═══ Extracted data ═══
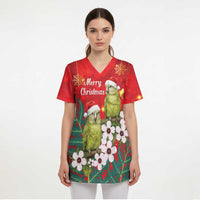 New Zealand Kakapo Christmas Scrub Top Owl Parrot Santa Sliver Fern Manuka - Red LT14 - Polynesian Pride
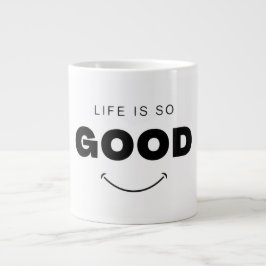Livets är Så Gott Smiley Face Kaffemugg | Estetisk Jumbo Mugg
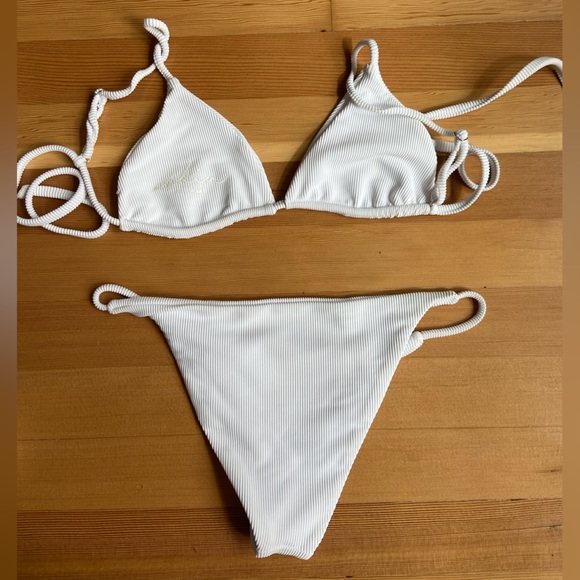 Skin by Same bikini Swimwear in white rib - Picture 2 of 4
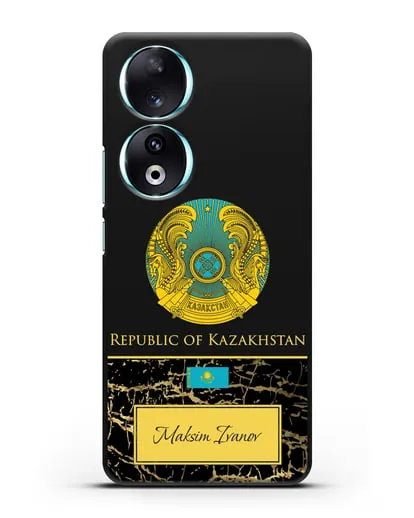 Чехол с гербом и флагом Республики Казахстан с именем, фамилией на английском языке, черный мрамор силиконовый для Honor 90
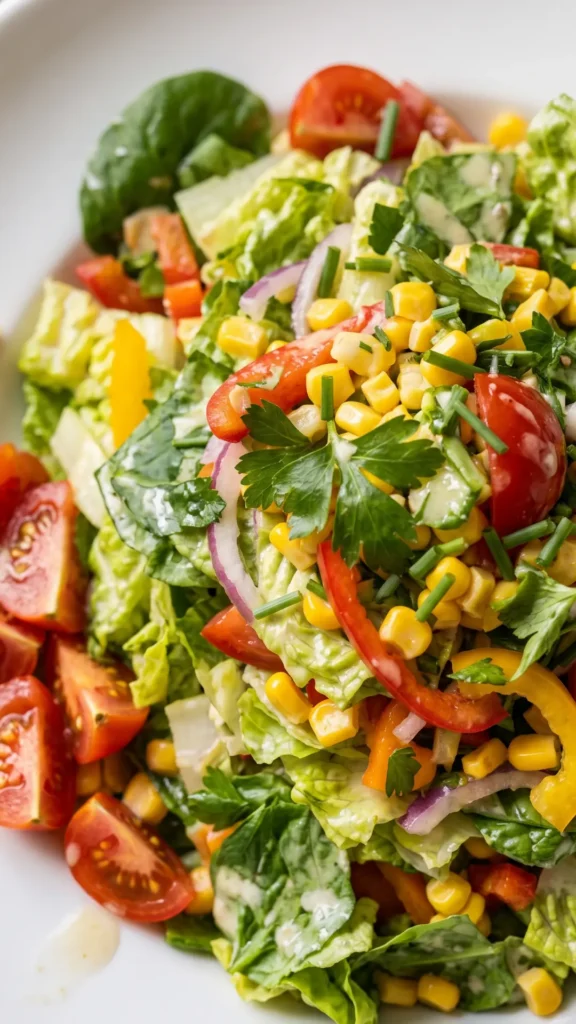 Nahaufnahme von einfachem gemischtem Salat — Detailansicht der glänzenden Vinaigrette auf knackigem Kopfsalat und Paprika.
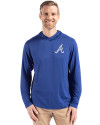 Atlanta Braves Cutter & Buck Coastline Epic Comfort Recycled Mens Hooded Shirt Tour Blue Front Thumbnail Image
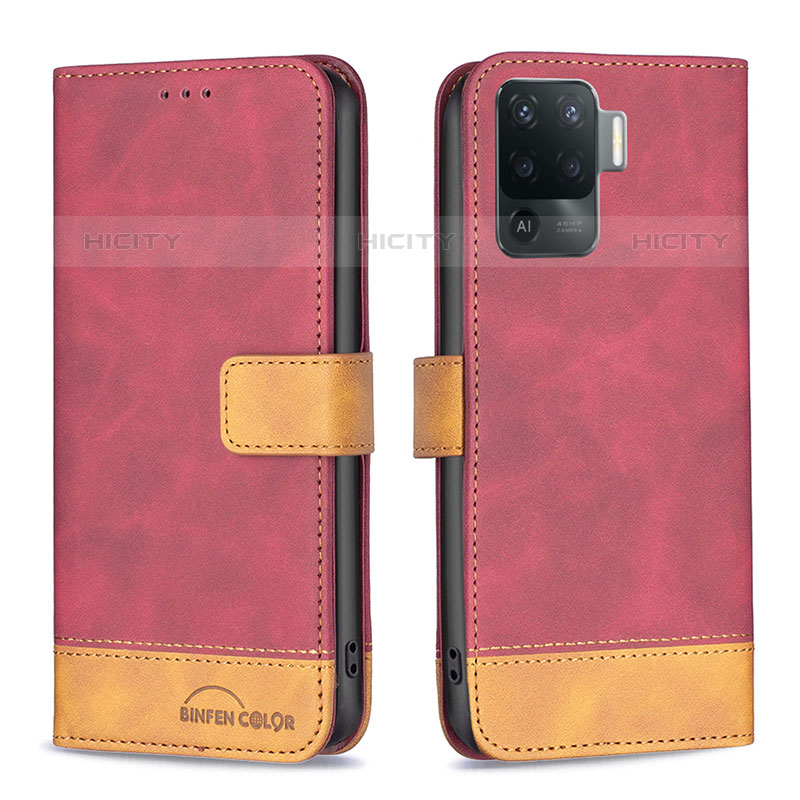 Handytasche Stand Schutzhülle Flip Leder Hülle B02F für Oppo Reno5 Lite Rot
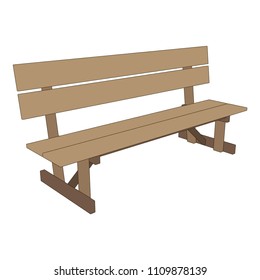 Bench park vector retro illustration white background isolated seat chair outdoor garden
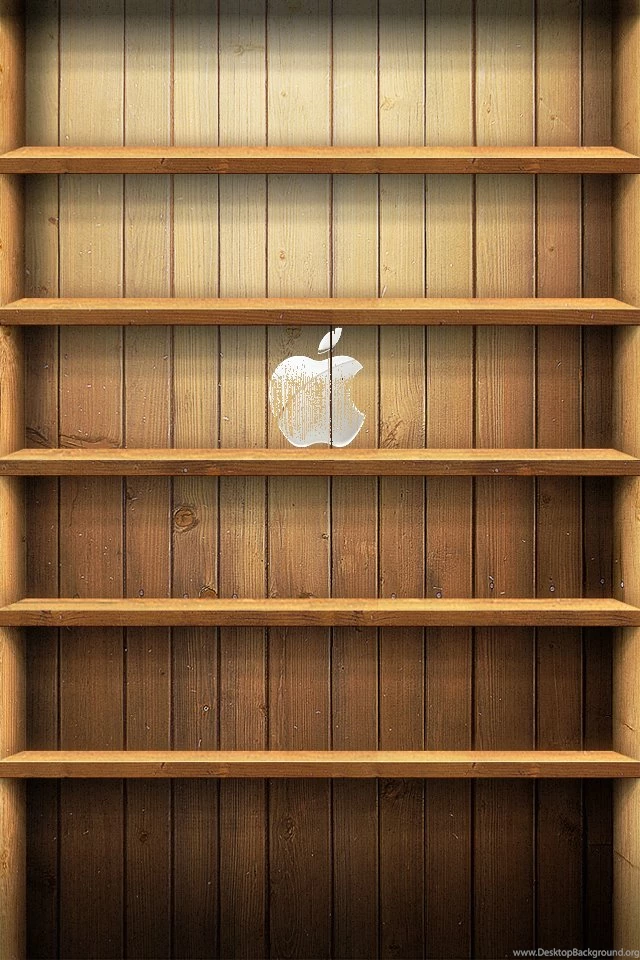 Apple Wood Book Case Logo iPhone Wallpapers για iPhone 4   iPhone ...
═══
## [Task instructions]
No pictures should appear in the copy, which holds exactly the lines from the first line of the data through the line with "Atlanta Braves Cutter" and nothing else.

## [Exercise output]
 New Zealand Kakapo Christmas Scrub Top Owl Parrot Santa Sliver Fern Manuka - Red LT14 - Polynesian Pride
Livets är Så Gott Smiley Face Kaffemugg | Estetisk Jumbo Mugg
 Skin by Same bikini Swimwear in white rib - Picture 2 of 4
 Чехол с гербом и флагом Республики Казахстан с именем, фамилией на английском языке, черный мрамор силиконовый для Honor 90
 Nahaufnahme von einfachem gemischtem Salat — Detailansicht der glänzenden Vinaigrette auf knackigem Kopfsalat und Paprika.
 Atlanta Braves Cutter & Buck Coastline Epic Comfort Recycled Mens Hooded Shirt Tour Blue Front Thumbnail Image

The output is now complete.